Isostatic Consequences of Giant Landslides on the Hawaiian Ridge

Abstract

—Giant landslides, like melting glaciers, lead to a redistribution of mass which will have isostatic consequences. Three-dimensional numerical modeling experiments were devised to examine how this mass redistribution affects the isostatic flexural curve. A debris avalanche of 10–40% of pre-slide Oahu is required to account for the 1200–5000 km3 Nuuanu deposit, while only ∼ 1% of pre-slide Hawaii Island is necessary to generate the 200–800 km3 Alika I and II avalanche deposits. Trials were run using 25, 30, and 40 km elastic plate thicknesses (T e ). The island uplift resulting from the Nuuanu slide was calculated to be 23 m and 109 m for 10% and 40% volume slides, respectively, both using T e = 25 km.

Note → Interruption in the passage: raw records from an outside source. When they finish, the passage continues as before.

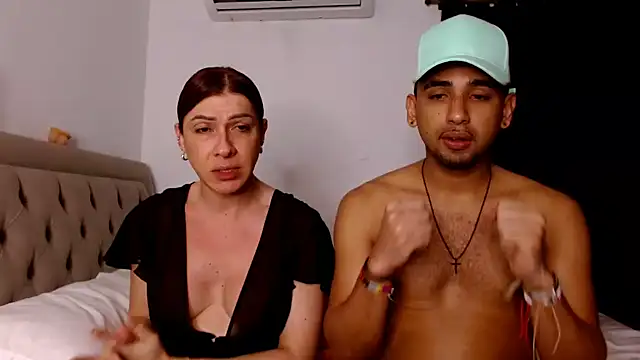 sweethoneytsx online show from October 20, 12:02 am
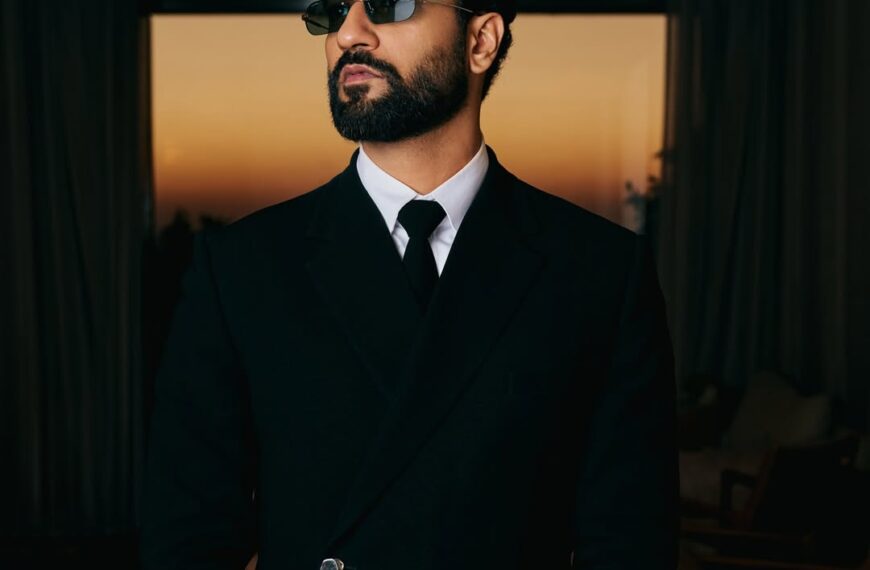 Vicky Kaushal, Arjun Kapoor to Shahid Kapoor: Bollywood Men Serving Statements in Black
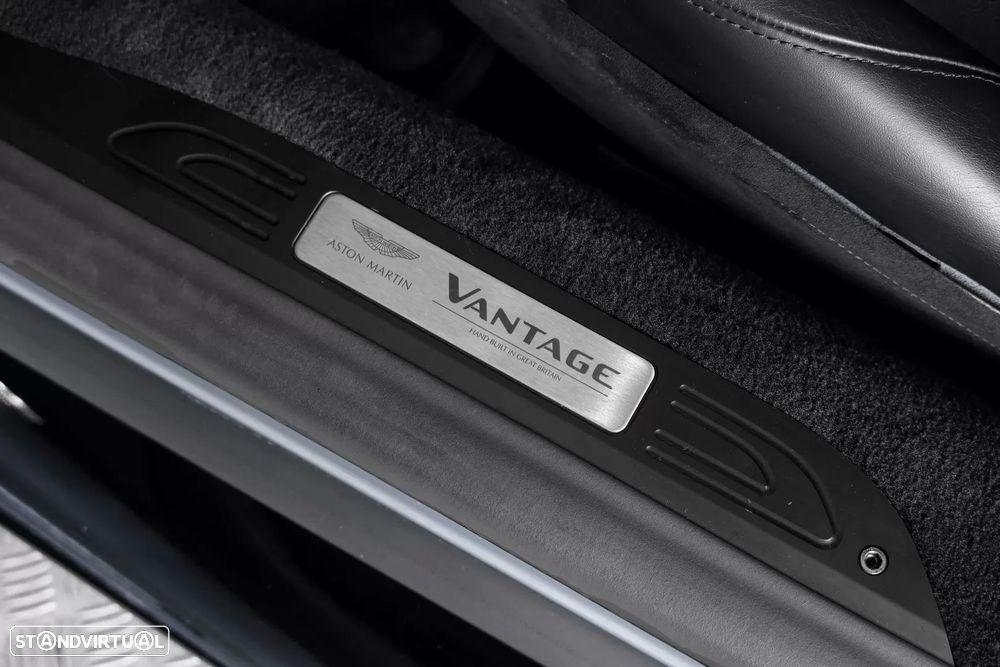 Aston Martin Vantage Roadster V8 - 20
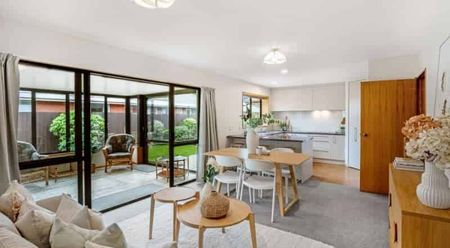 NORTHWOOD - FOUR BEDROOMS, TWO BATHROOMS, DOUBLE GARAGE - Photo 3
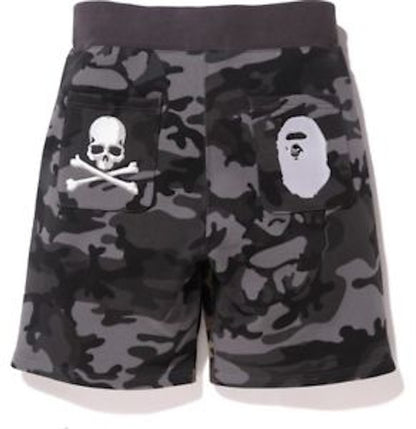 BAPE Vs Mastermind Skull Shark Split Camo Sweatshorts Green/Black
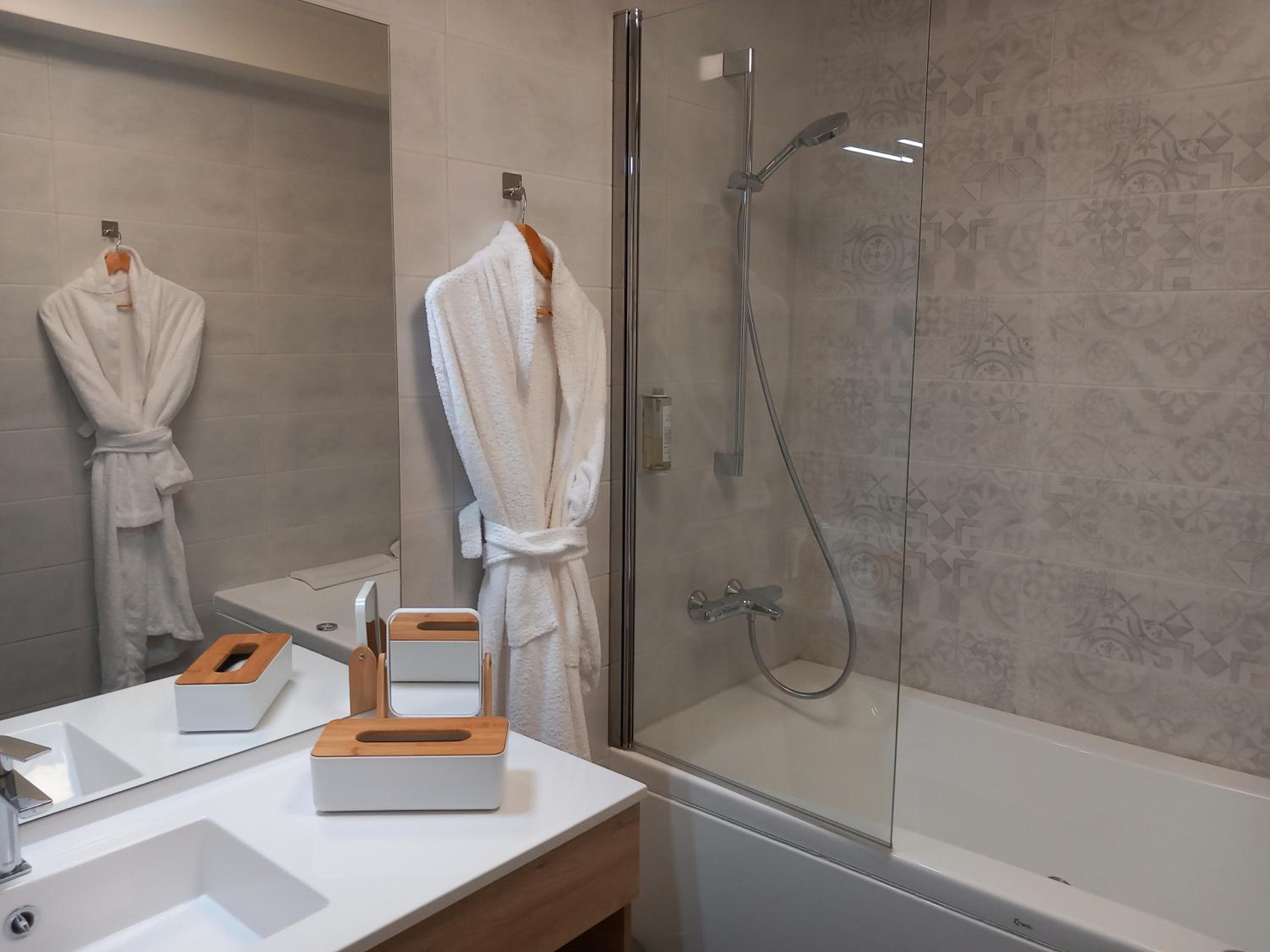Suite hot tub - Photo 3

A rebound of 10 m and 49 m was calculated for the same volumes, respectively, using T e = 40 km. A greater amount of uplift is expressed direct lyover the failed flank, causing the edifice to tilt away from the calved-off portion. The landslide deposit depresses the plate several meters beneath the debris field itself. Smaller slides (e.g., Alika I and II) do not produce as much flexural response, with 17 m and 7 m uplift for T e = 25 and 40 km, respectively. The effects of slow moving, intact slumps where the failed blocks remain relatively close to the island pedestal were examined for the case of the Hilina slump, making up approximately 10% of the Hawaii Island edifice. Perhaps more significant than the uplift for the Hilina slump, comparable to that for the 10% Nuuanu debris avalanche, is the 114 m and 56 m of downwarp beneath its massive slumped foot (T e = 25 and 40 km, respectively). The landslide rebound process, in the case of a relatively large landslide, should be considered as an added component to the evolutionary course of oceanic islands.